- _WORK TASK_:
Two lines below mark the span: the one containing "bemalte Textur in" and the one containing "Gazetka promocyjna Rossmann". Set down both, plus every line between, exactly as they stand, and nothing else.
*** Opening of INPUT ***
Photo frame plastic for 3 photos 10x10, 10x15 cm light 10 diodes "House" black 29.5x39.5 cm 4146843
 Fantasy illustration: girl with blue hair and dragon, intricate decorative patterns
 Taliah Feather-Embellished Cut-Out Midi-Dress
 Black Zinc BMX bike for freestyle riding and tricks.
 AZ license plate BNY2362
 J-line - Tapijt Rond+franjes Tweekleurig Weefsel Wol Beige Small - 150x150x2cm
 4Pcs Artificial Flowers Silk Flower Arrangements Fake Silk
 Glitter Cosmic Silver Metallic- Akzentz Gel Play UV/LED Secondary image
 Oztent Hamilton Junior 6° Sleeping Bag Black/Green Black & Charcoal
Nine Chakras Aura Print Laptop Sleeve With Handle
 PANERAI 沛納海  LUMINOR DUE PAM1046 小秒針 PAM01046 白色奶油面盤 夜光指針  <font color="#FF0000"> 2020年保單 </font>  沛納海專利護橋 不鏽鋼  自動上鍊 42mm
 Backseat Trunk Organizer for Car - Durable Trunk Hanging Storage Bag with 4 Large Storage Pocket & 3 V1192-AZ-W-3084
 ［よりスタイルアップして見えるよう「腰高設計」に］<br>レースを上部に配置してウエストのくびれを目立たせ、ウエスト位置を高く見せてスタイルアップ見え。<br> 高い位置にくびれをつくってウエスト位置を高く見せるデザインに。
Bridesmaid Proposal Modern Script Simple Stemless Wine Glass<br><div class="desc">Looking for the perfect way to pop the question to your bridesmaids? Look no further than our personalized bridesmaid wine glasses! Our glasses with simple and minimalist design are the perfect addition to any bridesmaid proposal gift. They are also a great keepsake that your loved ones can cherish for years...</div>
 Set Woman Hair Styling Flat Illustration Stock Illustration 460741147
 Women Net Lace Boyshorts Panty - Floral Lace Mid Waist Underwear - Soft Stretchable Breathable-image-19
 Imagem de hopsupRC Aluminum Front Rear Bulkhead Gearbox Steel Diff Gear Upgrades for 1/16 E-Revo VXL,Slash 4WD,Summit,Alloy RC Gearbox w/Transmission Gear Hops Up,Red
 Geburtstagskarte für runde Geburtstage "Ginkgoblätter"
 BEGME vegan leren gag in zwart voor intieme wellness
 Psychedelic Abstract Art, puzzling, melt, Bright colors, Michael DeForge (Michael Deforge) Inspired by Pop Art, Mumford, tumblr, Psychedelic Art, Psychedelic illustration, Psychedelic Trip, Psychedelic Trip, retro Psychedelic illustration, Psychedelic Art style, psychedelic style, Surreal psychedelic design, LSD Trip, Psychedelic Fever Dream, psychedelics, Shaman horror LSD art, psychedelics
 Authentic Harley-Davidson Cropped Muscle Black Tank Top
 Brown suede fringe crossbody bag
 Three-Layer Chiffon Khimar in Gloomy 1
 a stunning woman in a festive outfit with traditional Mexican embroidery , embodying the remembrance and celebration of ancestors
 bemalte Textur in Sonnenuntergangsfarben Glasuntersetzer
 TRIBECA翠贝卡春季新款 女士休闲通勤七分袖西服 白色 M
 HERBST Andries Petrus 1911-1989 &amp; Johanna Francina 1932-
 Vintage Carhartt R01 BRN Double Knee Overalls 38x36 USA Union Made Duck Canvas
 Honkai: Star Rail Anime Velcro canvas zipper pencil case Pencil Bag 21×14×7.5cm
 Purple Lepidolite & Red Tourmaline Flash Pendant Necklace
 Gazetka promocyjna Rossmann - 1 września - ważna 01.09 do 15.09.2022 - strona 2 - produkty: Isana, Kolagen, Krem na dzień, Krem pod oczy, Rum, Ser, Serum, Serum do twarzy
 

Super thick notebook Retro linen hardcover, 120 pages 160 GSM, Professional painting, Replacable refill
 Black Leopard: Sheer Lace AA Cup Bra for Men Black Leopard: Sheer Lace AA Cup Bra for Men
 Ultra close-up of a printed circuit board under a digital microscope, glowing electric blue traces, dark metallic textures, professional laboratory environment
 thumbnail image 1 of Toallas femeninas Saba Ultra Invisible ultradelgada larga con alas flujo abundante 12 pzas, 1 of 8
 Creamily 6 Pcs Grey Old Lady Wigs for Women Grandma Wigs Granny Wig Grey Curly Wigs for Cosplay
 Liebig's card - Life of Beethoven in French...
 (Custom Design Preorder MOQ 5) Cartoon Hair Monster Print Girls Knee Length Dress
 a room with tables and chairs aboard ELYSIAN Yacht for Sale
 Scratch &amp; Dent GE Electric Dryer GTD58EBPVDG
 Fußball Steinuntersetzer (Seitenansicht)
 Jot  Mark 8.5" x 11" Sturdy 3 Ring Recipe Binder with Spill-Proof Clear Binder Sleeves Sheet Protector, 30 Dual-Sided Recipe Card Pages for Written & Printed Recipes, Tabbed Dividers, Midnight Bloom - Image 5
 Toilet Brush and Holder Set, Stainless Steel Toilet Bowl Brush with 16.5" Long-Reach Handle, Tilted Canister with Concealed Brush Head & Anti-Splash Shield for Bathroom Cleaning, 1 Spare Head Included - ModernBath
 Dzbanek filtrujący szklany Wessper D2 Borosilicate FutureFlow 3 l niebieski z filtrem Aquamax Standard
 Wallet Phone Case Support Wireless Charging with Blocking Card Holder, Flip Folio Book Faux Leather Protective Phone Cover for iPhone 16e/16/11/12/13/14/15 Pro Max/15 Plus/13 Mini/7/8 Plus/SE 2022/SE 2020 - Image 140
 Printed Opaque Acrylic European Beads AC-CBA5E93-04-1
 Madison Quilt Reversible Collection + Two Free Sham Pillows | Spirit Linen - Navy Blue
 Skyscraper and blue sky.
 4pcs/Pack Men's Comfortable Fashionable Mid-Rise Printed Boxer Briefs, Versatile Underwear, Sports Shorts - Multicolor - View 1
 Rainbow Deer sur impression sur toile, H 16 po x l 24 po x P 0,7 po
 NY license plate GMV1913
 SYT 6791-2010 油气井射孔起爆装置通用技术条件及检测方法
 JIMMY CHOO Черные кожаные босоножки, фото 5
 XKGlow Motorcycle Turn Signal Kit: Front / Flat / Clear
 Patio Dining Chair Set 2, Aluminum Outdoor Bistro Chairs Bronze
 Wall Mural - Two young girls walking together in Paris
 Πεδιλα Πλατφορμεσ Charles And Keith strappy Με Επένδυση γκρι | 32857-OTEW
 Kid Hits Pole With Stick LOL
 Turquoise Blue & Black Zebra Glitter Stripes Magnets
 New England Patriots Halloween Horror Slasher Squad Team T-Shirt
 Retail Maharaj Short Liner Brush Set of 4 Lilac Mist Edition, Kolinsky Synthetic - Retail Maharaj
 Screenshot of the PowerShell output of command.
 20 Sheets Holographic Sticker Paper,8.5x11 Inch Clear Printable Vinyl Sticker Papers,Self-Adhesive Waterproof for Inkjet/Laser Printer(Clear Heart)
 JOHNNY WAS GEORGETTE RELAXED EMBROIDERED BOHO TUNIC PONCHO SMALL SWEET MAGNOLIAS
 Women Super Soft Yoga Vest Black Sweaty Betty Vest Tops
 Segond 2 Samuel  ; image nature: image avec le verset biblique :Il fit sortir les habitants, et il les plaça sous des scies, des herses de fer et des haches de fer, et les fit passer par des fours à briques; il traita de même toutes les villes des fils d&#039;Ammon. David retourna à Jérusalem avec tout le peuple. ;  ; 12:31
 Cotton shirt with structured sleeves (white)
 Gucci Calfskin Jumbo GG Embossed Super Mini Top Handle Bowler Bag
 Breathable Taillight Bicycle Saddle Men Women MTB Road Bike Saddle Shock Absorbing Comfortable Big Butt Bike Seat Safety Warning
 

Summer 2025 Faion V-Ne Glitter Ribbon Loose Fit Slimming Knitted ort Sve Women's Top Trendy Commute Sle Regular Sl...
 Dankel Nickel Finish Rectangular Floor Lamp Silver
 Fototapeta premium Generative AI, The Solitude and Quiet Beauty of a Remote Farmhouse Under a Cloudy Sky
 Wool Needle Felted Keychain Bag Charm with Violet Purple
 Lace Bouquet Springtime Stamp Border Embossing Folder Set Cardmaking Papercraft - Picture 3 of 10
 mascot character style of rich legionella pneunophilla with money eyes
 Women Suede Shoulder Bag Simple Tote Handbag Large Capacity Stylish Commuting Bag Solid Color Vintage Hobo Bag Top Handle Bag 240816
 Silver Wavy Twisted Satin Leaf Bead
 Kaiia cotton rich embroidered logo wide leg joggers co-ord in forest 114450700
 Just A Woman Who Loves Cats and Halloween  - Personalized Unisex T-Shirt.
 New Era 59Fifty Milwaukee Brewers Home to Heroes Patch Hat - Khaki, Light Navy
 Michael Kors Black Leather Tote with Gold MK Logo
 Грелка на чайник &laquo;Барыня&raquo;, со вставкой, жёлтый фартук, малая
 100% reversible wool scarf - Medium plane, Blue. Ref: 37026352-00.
*** Close of INPUT ***
- _RESULT_:
 bemalte Textur in Sonnenuntergangsfarben Glasuntersetzer
 TRIBECA翠贝卡春季新款 女士休闲通勤七分袖西服 白色 M
 HERBST Andries Petrus 1911-1989 &amp; Johanna Francina 1932-
 Vintage Carhartt R01 BRN Double Knee Overalls 38x36 USA Union Made Duck Canvas
 Honkai: Star Rail Anime Velcro canvas zipper pencil case Pencil Bag 21×14×7.5cm
 Purple Lepidolite & Red Tourmaline Flash Pendant Necklace
 Gazetka promocyjna Rossmann - 1 września - ważna 01.09 do 15.09.2022 - strona 2 - produkty: Isana, Kolagen, Krem na dzień, Krem pod oczy, Rum, Ser, Serum, Serum do twarzy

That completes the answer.